WORK ITEM:
Find "835338974e6996c8d9be465f812d4f54 DUX DUCIS" in the records that follow; print that line and each subsequent line through the last one, verbatim and with nothing added.

ENTRIES SUPPLIED:
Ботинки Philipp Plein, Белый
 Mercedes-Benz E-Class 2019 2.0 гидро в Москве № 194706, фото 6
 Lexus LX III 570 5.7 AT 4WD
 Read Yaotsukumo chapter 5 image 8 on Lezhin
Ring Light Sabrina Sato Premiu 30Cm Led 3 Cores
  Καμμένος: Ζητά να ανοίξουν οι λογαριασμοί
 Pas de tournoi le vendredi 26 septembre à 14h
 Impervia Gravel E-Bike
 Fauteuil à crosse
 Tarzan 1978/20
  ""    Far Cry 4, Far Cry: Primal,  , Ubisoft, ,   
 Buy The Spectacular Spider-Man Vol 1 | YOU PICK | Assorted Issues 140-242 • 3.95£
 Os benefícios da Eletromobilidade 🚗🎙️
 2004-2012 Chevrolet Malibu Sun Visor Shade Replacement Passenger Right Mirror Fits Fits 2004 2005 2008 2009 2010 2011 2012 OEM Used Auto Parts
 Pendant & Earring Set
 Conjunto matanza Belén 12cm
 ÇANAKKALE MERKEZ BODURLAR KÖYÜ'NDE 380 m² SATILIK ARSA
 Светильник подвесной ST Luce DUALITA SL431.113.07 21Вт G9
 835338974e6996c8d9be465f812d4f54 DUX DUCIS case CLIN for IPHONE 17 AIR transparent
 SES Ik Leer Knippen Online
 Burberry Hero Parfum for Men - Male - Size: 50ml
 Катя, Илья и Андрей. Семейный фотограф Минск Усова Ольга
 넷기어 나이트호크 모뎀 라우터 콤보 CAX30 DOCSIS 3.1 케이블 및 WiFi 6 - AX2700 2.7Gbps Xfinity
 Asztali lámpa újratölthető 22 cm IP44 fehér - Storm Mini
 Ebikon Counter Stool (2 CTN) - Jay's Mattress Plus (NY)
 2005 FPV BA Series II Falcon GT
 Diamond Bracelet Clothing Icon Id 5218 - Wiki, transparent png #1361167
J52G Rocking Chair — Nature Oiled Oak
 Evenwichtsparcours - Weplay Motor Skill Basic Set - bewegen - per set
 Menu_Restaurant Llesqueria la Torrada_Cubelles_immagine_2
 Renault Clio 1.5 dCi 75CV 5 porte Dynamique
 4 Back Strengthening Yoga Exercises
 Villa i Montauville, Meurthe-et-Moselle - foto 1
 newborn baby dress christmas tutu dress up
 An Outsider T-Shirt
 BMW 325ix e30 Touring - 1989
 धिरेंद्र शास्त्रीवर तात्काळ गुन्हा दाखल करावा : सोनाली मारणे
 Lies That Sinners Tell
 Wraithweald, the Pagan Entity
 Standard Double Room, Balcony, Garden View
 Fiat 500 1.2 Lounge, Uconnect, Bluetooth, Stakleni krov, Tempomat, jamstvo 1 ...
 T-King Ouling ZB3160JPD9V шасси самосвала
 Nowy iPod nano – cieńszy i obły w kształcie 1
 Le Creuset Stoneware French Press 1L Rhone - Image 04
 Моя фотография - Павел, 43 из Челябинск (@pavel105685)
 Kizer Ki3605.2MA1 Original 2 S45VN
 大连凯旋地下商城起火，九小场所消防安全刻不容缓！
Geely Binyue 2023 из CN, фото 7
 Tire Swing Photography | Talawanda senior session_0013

SOLUTION BELOW:
 835338974e6996c8d9be465f812d4f54 DUX DUCIS case CLIN for IPHONE 17 AIR transparent
 SES Ik Leer Knippen Online
 Burberry Hero Parfum for Men - Male - Size: 50ml
 Катя, Илья и Андрей. Семейный фотограф Минск Усова Ольга
 넷기어 나이트호크 모뎀 라우터 콤보 CAX30 DOCSIS 3.1 케이블 및 WiFi 6 - AX2700 2.7Gbps Xfinity
 Asztali lámpa újratölthető 22 cm IP44 fehér - Storm Mini
 Ebikon Counter Stool (2 CTN) - Jay's Mattress Plus (NY)
 2005 FPV BA Series II Falcon GT
 Diamond Bracelet Clothing Icon Id 5218 - Wiki, transparent png #1361167
J52G Rocking Chair — Nature Oiled Oak
 Evenwichtsparcours - Weplay Motor Skill Basic Set - bewegen - per set
 Menu_Restaurant Llesqueria la Torrada_Cubelles_immagine_2
 Renault Clio 1.5 dCi 75CV 5 porte Dynamique
 4 Back Strengthening Yoga Exercises
 Villa i Montauville, Meurthe-et-Moselle - foto 1
 newborn baby dress christmas tutu dress up
 An Outsider T-Shirt
 BMW 325ix e30 Touring - 1989
 धिरेंद्र शास्त्रीवर तात्काळ गुन्हा दाखल करावा : सोनाली मारणे
 Lies That Sinners Tell
 Wraithweald, the Pagan Entity
 Standard Double Room, Balcony, Garden View
 Fiat 500 1.2 Lounge, Uconnect, Bluetooth, Stakleni krov, Tempomat, jamstvo 1 ...
 T-King Ouling ZB3160JPD9V шасси самосвала
 Nowy iPod nano – cieńszy i obły w kształcie 1
 Le Creuset Stoneware French Press 1L Rhone - Image 04
 Моя фотография - Павел, 43 из Челябинск (@pavel105685)
 Kizer Ki3605.2MA1 Original 2 S45VN
 大连凯旋地下商城起火，九小场所消防安全刻不容缓！
Geely Binyue 2023 из CN, фото 7
 Tire Swing Photography | Talawanda senior session_0013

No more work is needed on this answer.